Every year when the clock strikes midnight people always promise to commit to their New Year resolutions. A fun pastime that inspires us to be a better person, and hopefully as a result make the new year better too. I have always been fascinated with this tradition and did some research. According to Forbes nearly 60% of Americans make New Year’s Resolutions. Unfortunately, only 25% of them commit up to thirty days and only 8% complete their goals.

           

We here at McKenna Property Management love to set goals, so we want to give you our not-so-secret guide to goal and resolution success. It is called the SMART method and SMART stands for:


  • Specific: Well-defined, clear, and unambiguous
  • Measurable: With specific criteria that measure your progress toward the accomplishment of the goal
  • Achievable: Attainable and not impossible to achieve
  • Realistic: Within reach, realistic, and relevant to your life purpose
  • Timely: With a clearly defined timeline, including a starting date and a target date. The purpose is to create urgency


These five categories are a tried and true equation to accomplish goals, whether that be for work or personal life.

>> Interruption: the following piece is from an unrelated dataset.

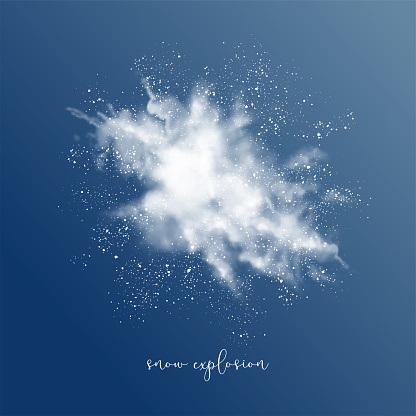 Vector snow explosion. Abstract design of white transparent cloud and snowflakes. Blast of white powder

First, to achieve your goals you need to be specific.  Goals that are specific have a significantly greater chance of being accomplished. To make a goal specific, the five “W” questions must be considered:


  • Who: Who is involved in this goal?
  • What: What do I want to accomplish?
  • Where: Where is this goal to be achieved?
  • When: When do I want to achieve this goal?
  • Why: Why do I want to achieve this goal?


For example, a general goal would be “I want to get in shape.” A more specific goal would be “I want to obtain a gym membership at my local community center and work out four days a week to be healthier.”


Next, your goal must be measurable. If there are no criteria, you will not be able to determine your progress and if you are on track to reach your goal. To make a goal measurable, ask yourself:


  • How many/much?
  • How do I know if I have reached my goal?
  • What is my indicator of progress?

 

For example, building on the specific goal above: I want to obtain a gym membership at my local community center and work out four days a week to be healthier. Every week, I will aim to lose one pound of body fat.


Once your goal is specific and measurable, it needs to be achievable and attainable. This will help you figure out ways you can realize that goal and work towards it. The achievability of the goal should be stretched to make you feel challenged, but defined well enough that you can actually achieve it. Ask yourself:


  • Do I have the resources and capabilities to achieve the goal? If not, what am I missing?
  • Have others done it successfully before?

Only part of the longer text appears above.